Surviving Virtual Relationship
By Michael de Glanville & Viola Edward…
The way we communicate
Standing back a few steps, to get a good look at the community that we live in today, draws our attention to the amazing changes that have taken place in the ways that we use to connect with each other and the proliferation of technical devices that facilitate our personal communication. So what are the effects of these changes on all of us and, in particular, on today’s generation of young adults, as they meet potential partners and develop their first loving relationships?
The history of connectivity
Here are a few facts about communication to set the background. The first telephone appeared in 1876 and radio voice signals in 1900. The mobile cellphone concept went commercial in 1974 and is now forty years old. The world wide internet became accessible to private computers through dial-up in the 80’s and 90’s and in the first decade of the 21st century, the faster broadband technologies came into use, enabling and accelerating new forms of interaction through instant messaging, internet forums and social networking.
A powerful gift
In terms of our human history, the speed of the development of this instant and sophisticated communication has been very quick, a mere 150 years compared to the thousands of years of beacons, smoke signals, drumbeats, semaphores and pony express. Viewed in this light, it should not surprise us that we are still much involved in the process of figuring out how best to use such a powerful gift, how to adapt our loving relationships to accommodate its irresistible presence.
Our latest mobile devices now make it possible for us to talk together, while seeing each other on live video, when we are apart in different homes, on the move, or on the other side of the world. If we don’t have the time to connect in person, we can send each other instant messages and e-mails as well as photos and videos of the moment, to illustrate what we are up to. Compare this to twenty five years ago when although the bubble in computers and communication techniques was growing well, it had not yet taken up the significant place that it has in our lives today. At that time, looking at a live image of a person’s face while talking to them on a mobile phone was still science fiction.

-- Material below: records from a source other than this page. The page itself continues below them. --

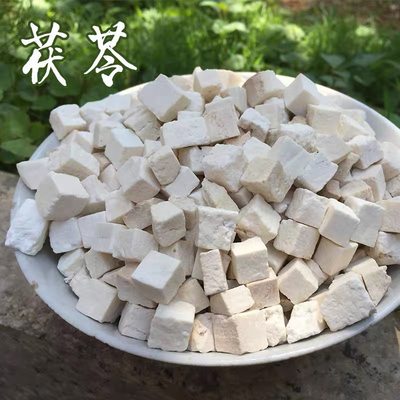 湖南靖州野生茯苓无硫茯苓块白茯苓中药材 茯苓粉茯苓丁500克包邮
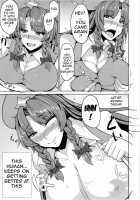 Physical Beauty / Physical Beauty [Ashima Takumi] [Touhou Project] Thumbnail Page 02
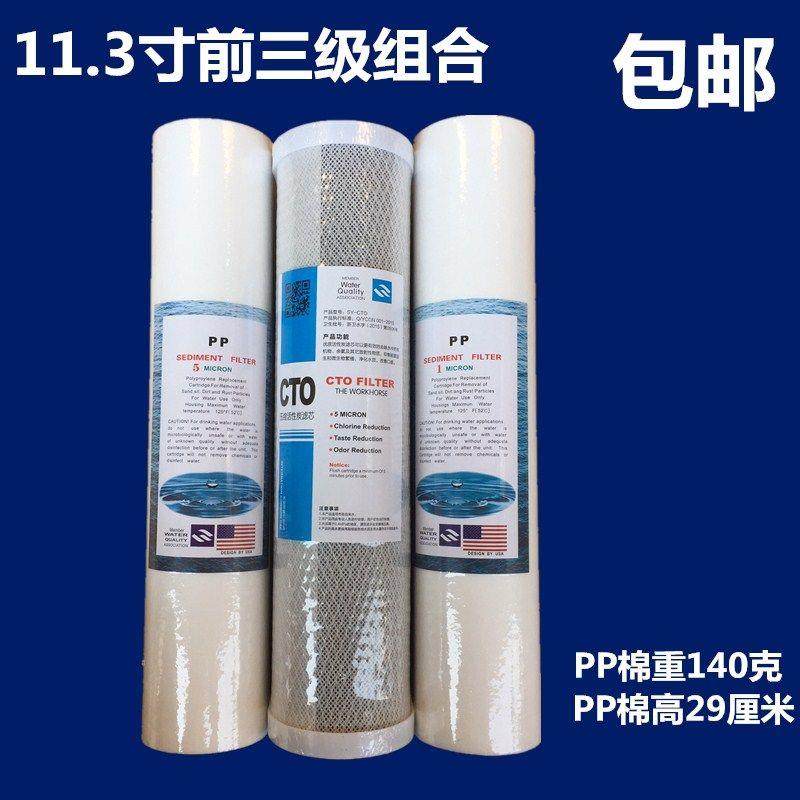 11.3寸滤芯滤水机净水器PP棉颗粒活性炭UDF中空超滤膜29厘米耗材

Instantly virtually present
For some couples in their thirties and over, who grew up and were educated to relate and communicate without such facilities, these technological advances have made it so much easier to stay close and in a relational flow, exchanging loving words and images and maintaining tender links while apart. Using today’s Internet capabilities, staying in touch is relatively effortless, the couple can give opinions, dealing with crisis more effectively, solving urgent situations, sharing knowledge and providing immediate answers to each other. The improvements are helping busy conscious couples to stay in love. The new capacity to be instantly ‘virtually’ present has boosted their abilities to communicate and relate with each other, adding to those fundamental social skills that they already possessed and had developed in preceding years. Those who were always good at relating got even better and for those who were still resisting change, the dumping of a ten year old Nokia for a smart phone suddenly made many relational actions a lot easier.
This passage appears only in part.